Monday, May 12, 2014

Daily Paleo Lunches

I love to cook and I am lucky enough to cook for a living. I specialize in making foods that are "alternative" or allergy free and people with special food needs just happen to find me.This makes my work easier because I don't have to worry about making foods that I cannot eat myself. Cooking for people that want to avoid gluten dairy, soy etc make it easier for me to create tasty dishes that I feel comfortable tasting as I go.

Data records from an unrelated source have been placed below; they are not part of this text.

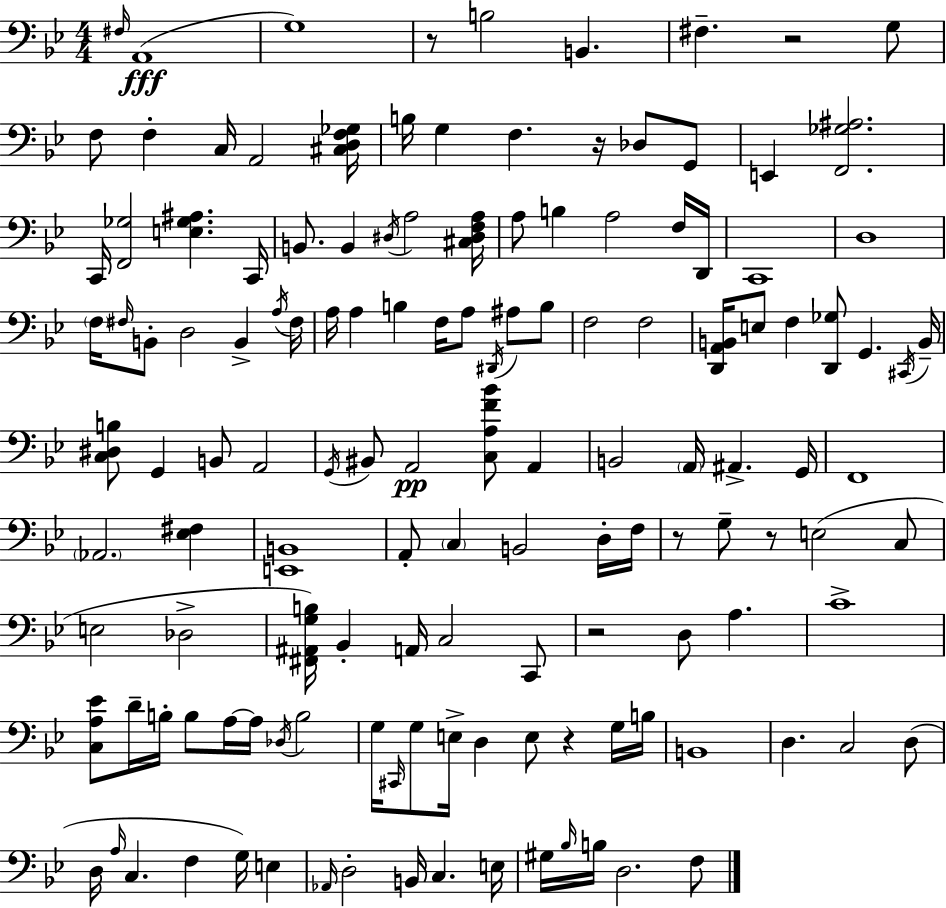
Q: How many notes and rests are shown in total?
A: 137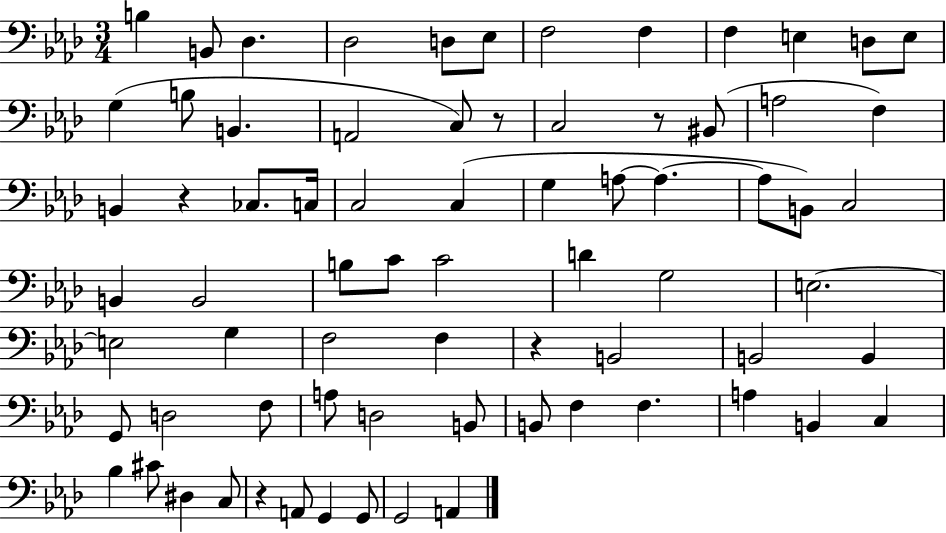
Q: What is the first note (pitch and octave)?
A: B3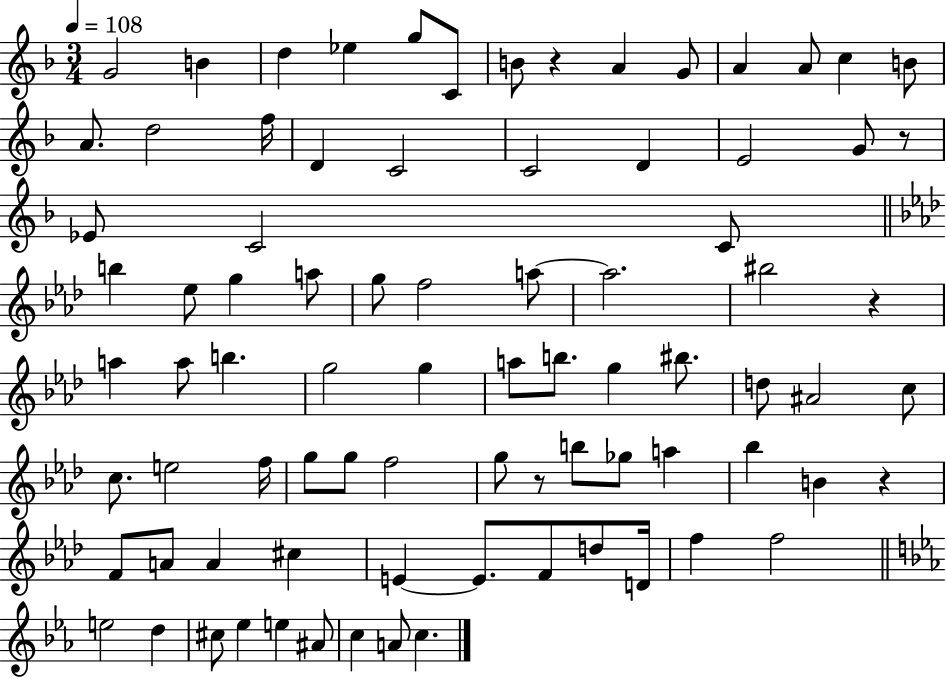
G4/h B4/q D5/q Eb5/q G5/e C4/e B4/e R/q A4/q G4/e A4/q A4/e C5/q B4/e A4/e. D5/h F5/s D4/q C4/h C4/h D4/q E4/h G4/e R/e Eb4/e C4/h C4/e B5/q Eb5/e G5/q A5/e G5/e F5/h A5/e A5/h. BIS5/h R/q A5/q A5/e B5/q. G5/h G5/q A5/e B5/e. G5/q BIS5/e. D5/e A#4/h C5/e C5/e. E5/h F5/s G5/e G5/e F5/h G5/e R/e B5/e Gb5/e A5/q Bb5/q B4/q R/q F4/e A4/e A4/q C#5/q E4/q E4/e. F4/e D5/e D4/s F5/q F5/h E5/h D5/q C#5/e Eb5/q E5/q A#4/e C5/q A4/e C5/q.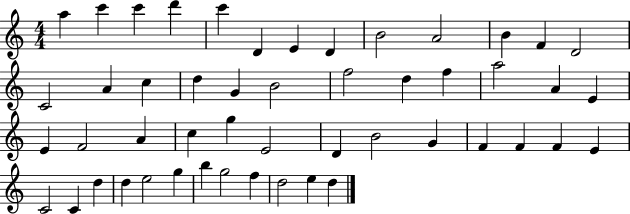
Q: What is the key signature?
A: C major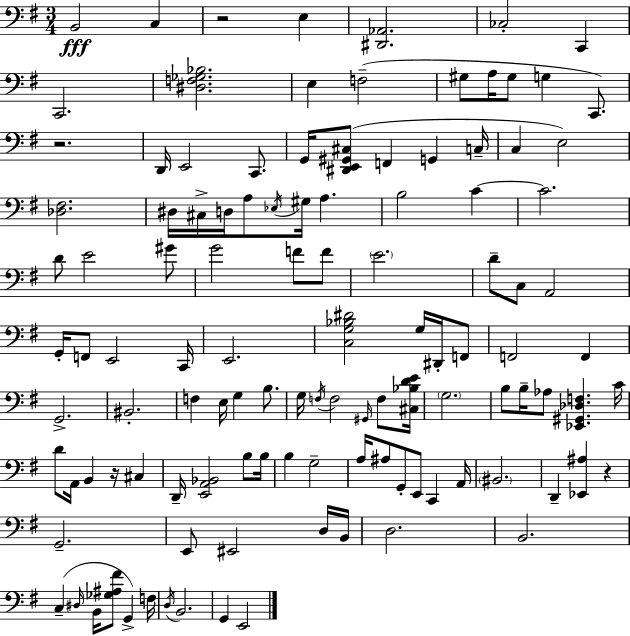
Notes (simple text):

B2/h C3/q R/h E3/q [D#2,Ab2]/h. CES3/h C2/q C2/h. [D#3,F3,Gb3,Bb3]/h. E3/q F3/h G#3/e A3/s G#3/e G3/q C2/e. R/h. D2/s E2/h C2/e. G2/s [D#2,E2,G#2,C#3]/e F2/q G2/q C3/s C3/q E3/h [Db3,F#3]/h. D#3/s C#3/s D3/s A3/e Eb3/s G#3/s A3/q. B3/h C4/q C4/h. D4/e E4/h G#4/e G4/h F4/e F4/e E4/h. D4/e C3/e A2/h G2/s F2/e E2/h C2/s E2/h. [C3,G3,Bb3,D#4]/h G3/s D#2/s F2/e F2/h F2/q G2/h. BIS2/h. F3/q E3/s G3/q B3/e. G3/s F3/s F3/h G#2/s F3/e [C#3,Bb3,D4,E4]/s G3/h. B3/e B3/s Ab3/e [Eb2,G#2,Db3,F3]/q. C4/s D4/e A2/s B2/q R/s C#3/q D2/s [E2,A2,Bb2]/h B3/e B3/s B3/q G3/h A3/s A#3/e G2/e E2/e C2/q A2/s BIS2/h. D2/q [Eb2,A#3]/q R/q G2/h. E2/e EIS2/h D3/s B2/s D3/h. B2/h. C3/q D#3/s B2/s [Gb3,A#3,F#4]/e G2/q F3/s D3/s B2/h. G2/q E2/h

I currently make lunches every week for a small company here in Silicon Valley.  They want a completely Paleo Diet for lunchtime. This is spearheaded by one of the founding employees who eats Paleo all the time and his passion for this healthy diet won everyone over. They all agreed to eat this way for lunch at work every day.  I am really glad he found me to make it happen for them.

The benefits of the Paleo menu include:
  • Everything I do is from scratch (exceptions are canned tomatoes, sometimes I use a premade stock or marinara sauce) 
  • Everything is made fresh each week, I shop the day before I cook so all the produce and proteins are at their best 
  • Each dish is full of healthy proteins and a good variety of vegetables
  • No gluten or soy - there are at least two people in the group that are gluten intollerant, which means noone is having a big carby lunch, so there shouldnt be any big energy dips in the afternoon.
  • No refined sugars - the only sweetener allowed is honey

Many of the recipes I use come from Mark's Daily Apple, a great resource for the Paleo lifestyle.  His recipes have lots of great pictures and simple steps. This makes cooking easy for those that have not made this type of food before. I have included links to the recipes from this week's menu so you can go check them out and hopefully make them for yourself!

I also add in my own recipes especially for the vegetables like these Brussels Sprouts. This group loves Brussels Sprouts especially when I saute them in coconut oil and add shallots.

This week's menu was:

Tuesday:  Chicken Tikka Masala with Rice (I added green beans into this dish to make it more filling and make sure my group got their veggies)

Wednesday:  Lemon Brisket with Roasted White and Sweet Potatoes and Sauteed Purple Kale

Thursday:  Lime and Basil Beef Kebabs and Roasted Cauliflower
Friday:  Slow Cooked Coconut Ginger Pork with Blistered Brussels Sprouts and Coconut Rice

The Pork roasts in crockpots. I had to cook almost 13 pounds of pork for this group. That meant using a few crockpots.

Grilling peppers and red onions for the Lime Basil Beef.